Please login first

A stepwise assessment of parsimony and entropy in species distribution modelling
Raimundo Real * 1 , Alba Estrada 2
1  Biogeography, Diversity and Conservation Research Team, Department of Animal Biology, Universidad de Málaga, Spain
2  IREC (CSIC-UCLM-JCCM), Ronda de Toledo s/n, Ciudad Real, Spain


Entropy is an intrinsic characteristic of the geographical distribution of a biological species.
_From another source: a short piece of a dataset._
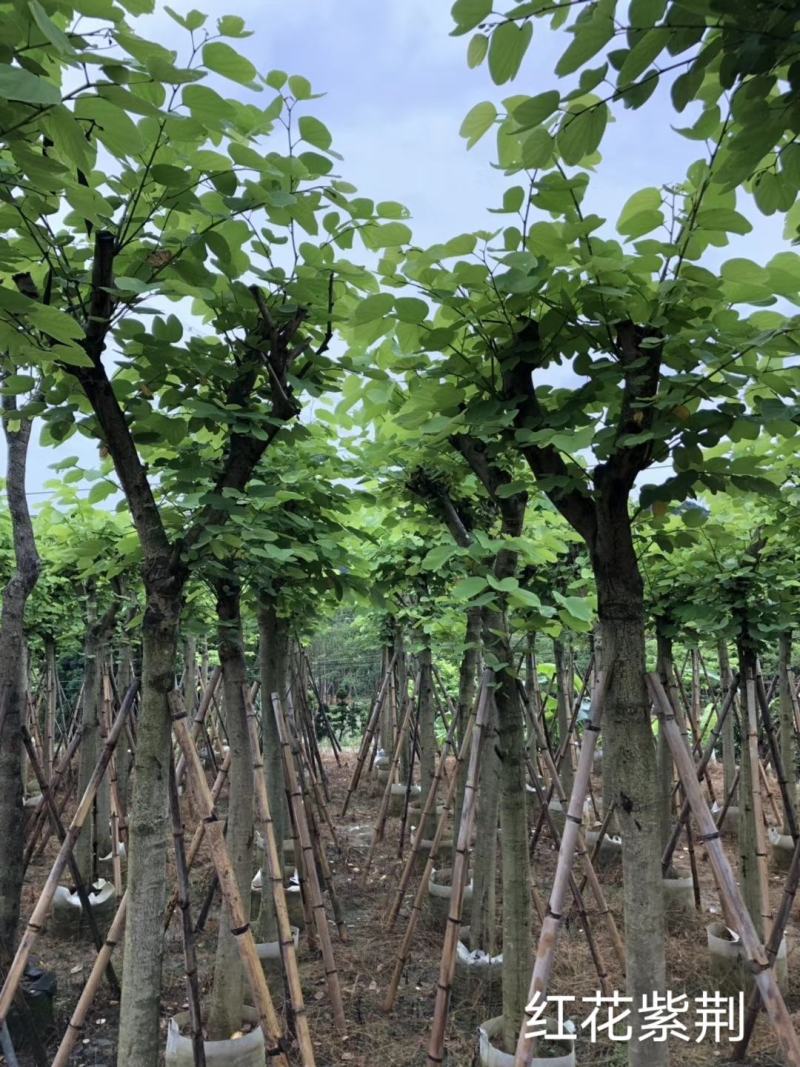 市政苗木红花紫荆苗5至15公分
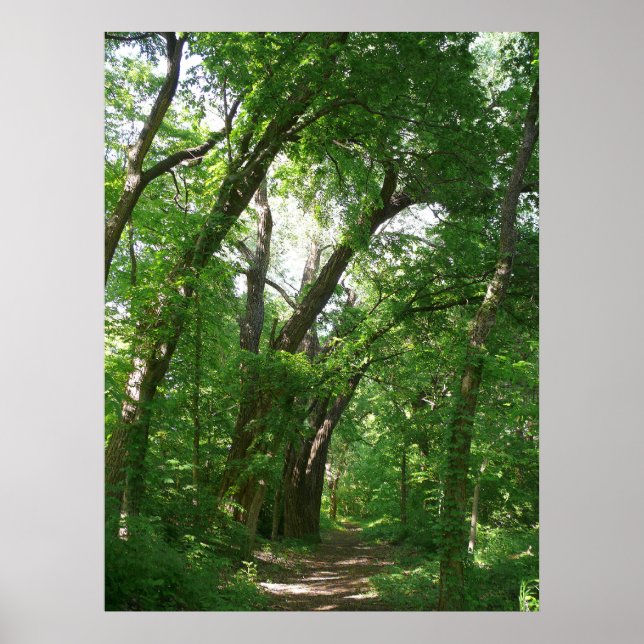 Poster A Floresta (Frente)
A species distribution with higher entropy involves more uncertainty, i.e., is more gradually constrained by the environment. Species distribution modelling tries to yield models with low uncertainty, but normally has to produce them by increasing their complexity, which is detrimental for another desirable property of the models, parsimony. By modelling the distribution of 18 vertebrate species in mainland Spain, we show that entropy may be computed along the forward-backward stepwise selection of variables in Generalized Linear Models to check whether uncertainty is reduced at each step. This allows selecting the model that best combines the complementary characteristics of certainty and parsimony. This also allows to disentangle the entropy due to the intrinsic uncertainty of the species distribution from that due to failure in the model specification. A reduction of entropy was produced asymptotically in each step of the model, with some exceptions. This asymptote could be used to distinguish the entropy attributable to the species distribution from that attributable to model misspecification. We discussed the differential suitability of Shannon and fuzzy entropy for this end. The use of Shannon entropy in distribution modelling has not biogeographical sense, because it computes probability of presence as if the species were only present in one cell of the study area. Fuzzy entropy has not such restriction and always has values between zero and one, which produces results that are commensurable between species and study areas. Fuzzy entropy is also more correlated with AUC values. Using a stepwise approach and fuzzy entropy may be helpful to counterbalance the uncertainty and the complexity of the models. The model yielded at the step with the lowest entropy combines reduction of uncertainty with parsimony, which results in high efficiency.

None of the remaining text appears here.